Diagnostic Devils

 

When ascertaining what is holding a student back, it is important to listen to others for advice, but come to your own conclusions based on your observations.  

 

I recently did a masterclass at a local elementary school.  The band teacher asked me to come in to work with two advanced beginner students.  “I can’t get them to use their air correctly,” the band director told me.  I psyched myself up for lessons on air use.  I had breathing exercises printed up, which I typically do anyway, no matter what the class, because, of course, as woodwinds breathing is fundamental to us.  I brought special tools for breathing discussions:  my breathing bag and pnuemo pro.  The pneumo pro is a great device. It is shaped like a plastic flute head piece, but makes no sound.
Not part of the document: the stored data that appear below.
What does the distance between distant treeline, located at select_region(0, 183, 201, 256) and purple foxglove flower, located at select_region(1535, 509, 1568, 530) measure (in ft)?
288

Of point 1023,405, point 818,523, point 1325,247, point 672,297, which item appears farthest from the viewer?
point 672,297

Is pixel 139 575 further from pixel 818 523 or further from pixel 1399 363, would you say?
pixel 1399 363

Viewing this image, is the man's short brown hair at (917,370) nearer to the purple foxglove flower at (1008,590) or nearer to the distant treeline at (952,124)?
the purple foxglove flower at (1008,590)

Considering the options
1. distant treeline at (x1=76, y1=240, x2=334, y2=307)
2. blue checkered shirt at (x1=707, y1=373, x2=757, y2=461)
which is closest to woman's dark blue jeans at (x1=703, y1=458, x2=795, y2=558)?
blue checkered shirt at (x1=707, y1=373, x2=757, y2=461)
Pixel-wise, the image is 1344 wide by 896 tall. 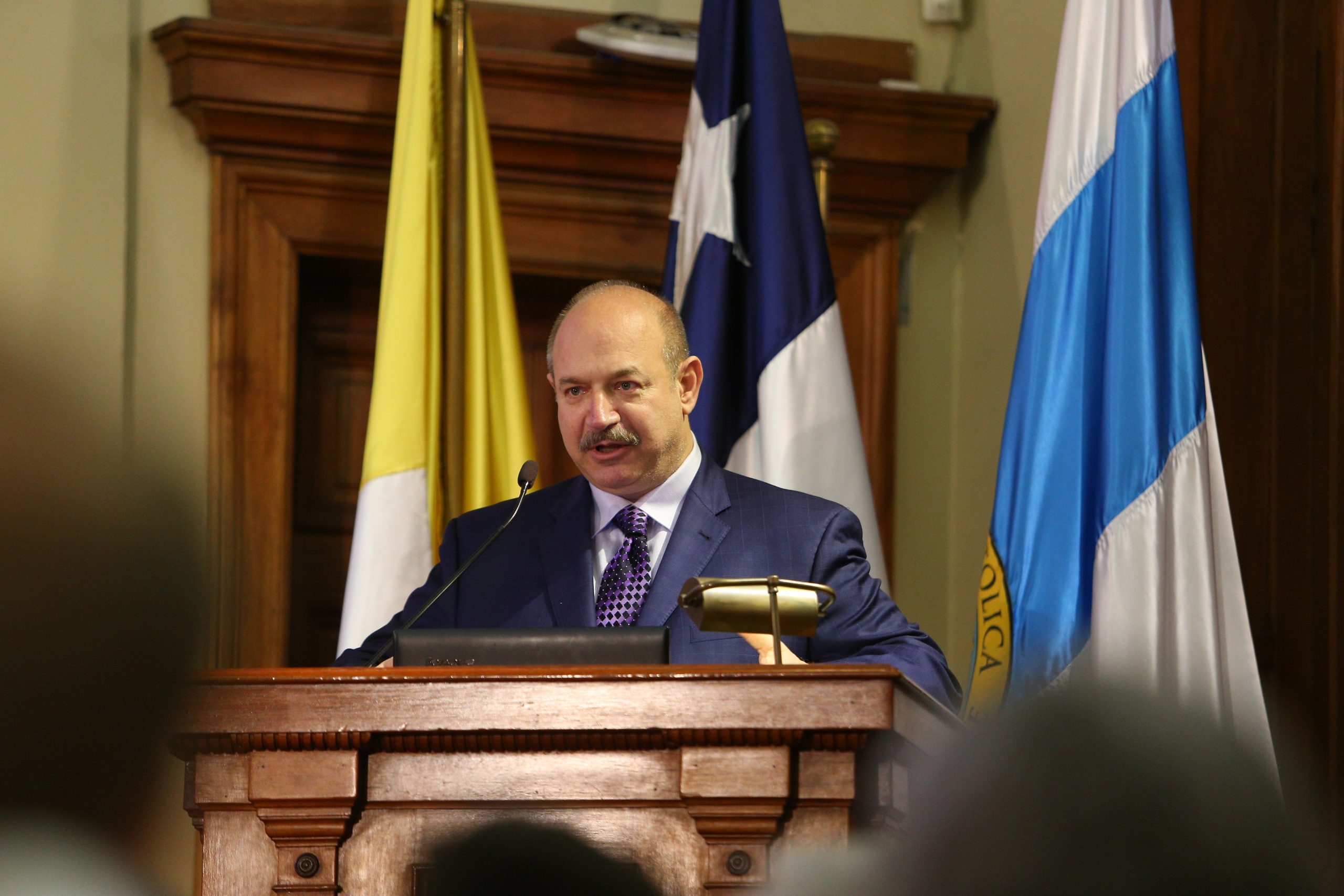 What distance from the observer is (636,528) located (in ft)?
9.11

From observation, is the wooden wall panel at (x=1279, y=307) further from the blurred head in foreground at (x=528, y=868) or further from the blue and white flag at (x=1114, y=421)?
the blurred head in foreground at (x=528, y=868)

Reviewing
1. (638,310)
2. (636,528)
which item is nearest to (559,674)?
(636,528)

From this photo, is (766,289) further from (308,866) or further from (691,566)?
(308,866)

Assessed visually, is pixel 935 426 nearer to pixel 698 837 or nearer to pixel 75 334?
pixel 698 837

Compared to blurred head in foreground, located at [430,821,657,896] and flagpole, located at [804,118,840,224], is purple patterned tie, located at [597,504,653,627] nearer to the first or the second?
flagpole, located at [804,118,840,224]

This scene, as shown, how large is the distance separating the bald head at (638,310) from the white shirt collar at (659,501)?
18 centimetres

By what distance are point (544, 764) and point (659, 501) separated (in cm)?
107

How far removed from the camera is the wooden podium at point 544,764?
176 cm

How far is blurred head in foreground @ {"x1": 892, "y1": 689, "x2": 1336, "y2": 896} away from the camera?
1.69ft

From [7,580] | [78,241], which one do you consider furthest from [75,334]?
[78,241]

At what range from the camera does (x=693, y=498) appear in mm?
2787

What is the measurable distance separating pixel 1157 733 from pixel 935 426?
13.2ft

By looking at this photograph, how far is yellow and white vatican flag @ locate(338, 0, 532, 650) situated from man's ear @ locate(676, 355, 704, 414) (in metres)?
0.99

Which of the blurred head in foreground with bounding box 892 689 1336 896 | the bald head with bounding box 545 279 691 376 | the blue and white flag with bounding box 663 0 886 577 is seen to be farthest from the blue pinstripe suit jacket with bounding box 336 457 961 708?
the blurred head in foreground with bounding box 892 689 1336 896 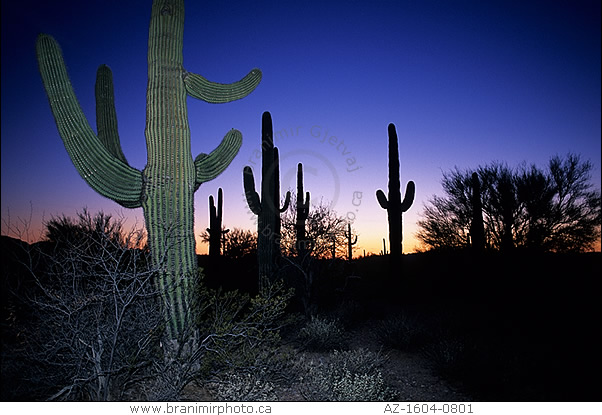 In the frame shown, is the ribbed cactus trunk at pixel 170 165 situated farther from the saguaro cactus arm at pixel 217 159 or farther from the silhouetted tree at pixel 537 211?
the silhouetted tree at pixel 537 211

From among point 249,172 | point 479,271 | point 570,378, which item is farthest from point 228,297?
point 479,271

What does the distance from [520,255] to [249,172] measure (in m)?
8.38

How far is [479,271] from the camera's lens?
11984mm

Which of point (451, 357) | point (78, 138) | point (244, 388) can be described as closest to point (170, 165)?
point (78, 138)

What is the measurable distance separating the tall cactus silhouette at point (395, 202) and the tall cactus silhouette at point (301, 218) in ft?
7.72

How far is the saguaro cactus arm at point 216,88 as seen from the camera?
214 inches

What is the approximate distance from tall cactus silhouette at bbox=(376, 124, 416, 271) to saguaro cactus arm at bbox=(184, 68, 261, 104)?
6.29 meters

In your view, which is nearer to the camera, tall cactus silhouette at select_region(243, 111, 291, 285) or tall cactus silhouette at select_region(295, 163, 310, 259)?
tall cactus silhouette at select_region(243, 111, 291, 285)

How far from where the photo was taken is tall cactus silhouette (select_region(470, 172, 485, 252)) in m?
12.3

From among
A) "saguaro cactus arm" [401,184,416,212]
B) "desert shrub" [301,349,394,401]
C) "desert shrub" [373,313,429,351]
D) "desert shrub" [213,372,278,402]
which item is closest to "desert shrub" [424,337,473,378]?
"desert shrub" [373,313,429,351]

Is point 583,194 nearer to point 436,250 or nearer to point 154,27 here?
point 436,250

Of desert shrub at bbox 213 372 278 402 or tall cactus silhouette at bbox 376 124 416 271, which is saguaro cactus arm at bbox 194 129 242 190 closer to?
desert shrub at bbox 213 372 278 402

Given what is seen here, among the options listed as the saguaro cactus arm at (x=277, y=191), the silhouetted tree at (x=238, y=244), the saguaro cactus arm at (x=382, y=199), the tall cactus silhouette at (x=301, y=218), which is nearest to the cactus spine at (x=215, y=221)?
the silhouetted tree at (x=238, y=244)

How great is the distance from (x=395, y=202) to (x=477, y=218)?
3.20 meters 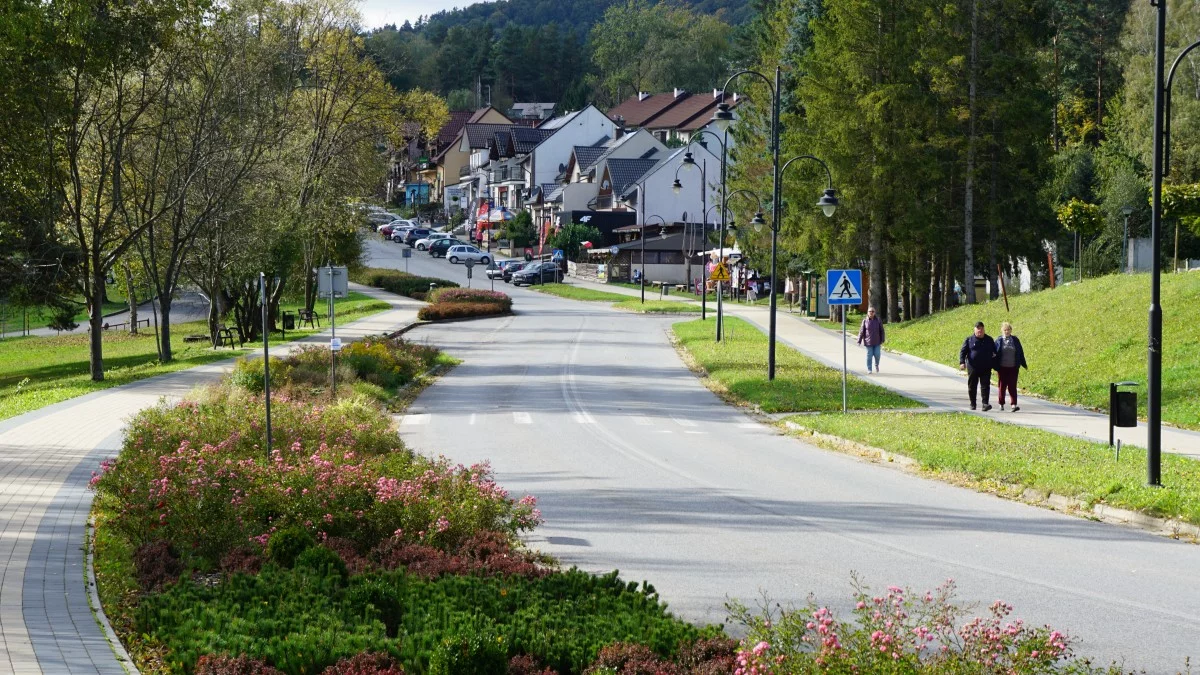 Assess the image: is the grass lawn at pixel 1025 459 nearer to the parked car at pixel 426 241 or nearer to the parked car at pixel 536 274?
the parked car at pixel 536 274

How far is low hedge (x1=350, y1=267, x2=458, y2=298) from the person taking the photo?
266ft

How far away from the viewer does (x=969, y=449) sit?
17703 millimetres

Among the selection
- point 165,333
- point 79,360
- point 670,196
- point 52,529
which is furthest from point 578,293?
point 52,529

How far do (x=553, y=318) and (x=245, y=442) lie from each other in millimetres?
46230

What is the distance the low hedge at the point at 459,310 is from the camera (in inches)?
2354

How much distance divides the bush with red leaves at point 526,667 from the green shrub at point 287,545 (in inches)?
123

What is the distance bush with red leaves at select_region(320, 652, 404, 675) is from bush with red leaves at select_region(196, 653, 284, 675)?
359 mm

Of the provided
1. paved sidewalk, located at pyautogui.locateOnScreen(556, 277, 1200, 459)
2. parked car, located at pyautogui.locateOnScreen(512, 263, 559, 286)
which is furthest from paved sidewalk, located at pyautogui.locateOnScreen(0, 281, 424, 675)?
parked car, located at pyautogui.locateOnScreen(512, 263, 559, 286)

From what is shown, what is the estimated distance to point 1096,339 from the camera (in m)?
29.8

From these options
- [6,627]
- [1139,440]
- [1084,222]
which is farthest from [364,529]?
[1084,222]

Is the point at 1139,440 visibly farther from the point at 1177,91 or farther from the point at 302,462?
the point at 1177,91

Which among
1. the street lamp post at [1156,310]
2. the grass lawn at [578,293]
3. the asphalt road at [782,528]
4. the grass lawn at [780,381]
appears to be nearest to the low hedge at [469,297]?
the grass lawn at [578,293]

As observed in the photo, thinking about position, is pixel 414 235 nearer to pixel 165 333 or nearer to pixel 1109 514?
pixel 165 333

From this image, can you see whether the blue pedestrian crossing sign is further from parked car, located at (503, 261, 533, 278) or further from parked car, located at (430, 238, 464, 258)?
parked car, located at (430, 238, 464, 258) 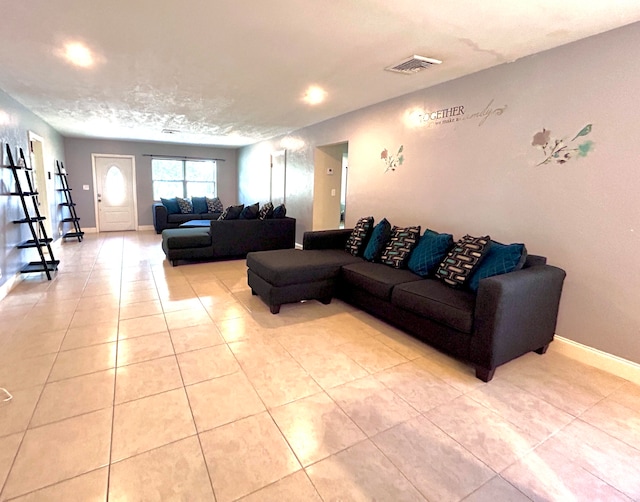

As the student blows across the hole, they must direct air down and up to spin different levels of fans connected to a plastic piece across from the embouchure hole.  In this case, I wanted to test the students on whether they were aiming the air low enough to get a full sound. 

 

I got to the class, and soon learned I had prepared in the wrong direction myself.  We discussed diaphragmatic breathing and air use.  I borrowed internet teaching sensation Nina Perlove’s coffee cup analogy about using too much air at once.  You can keep getting bigger and bigger coffee containers , but if you spill the coffee out all at once every time, you are still left with no coffee.  The students listened politely.  I tested them with the pneumo-pro and they had no problems with air direction. What was it that the teacher was talking about?  When I finally asked the students to do actual playing, that is when I had my a-ha moment.  They were holding the flutes awkwardly and turning in a lot!  This of course smothered any sounds they were making. I had them both simply line up their flutes-embouchure hole lined up with keys.  Then we discussed holding the flute using three points of balance:  The left forefinger’s segment below the knuckle against the side, the right thumb more against the side of the flute rather than poking out under the keys, and the lip plate against the lip.  When these fundamentals were attended to, the students did much better with the air they were already using. Sometimes what seems like one problem is actually masked by a more fundamental problem. In this case, the students were using their air well, but got puny sounds because their headjoints weren’t lined up and they were turned in. 

 

 Like doctors do with medical patients, flute teachers need to diagnose their students’ problems.  Just remember, it sometimes takes some close observation to uncover the real culprits!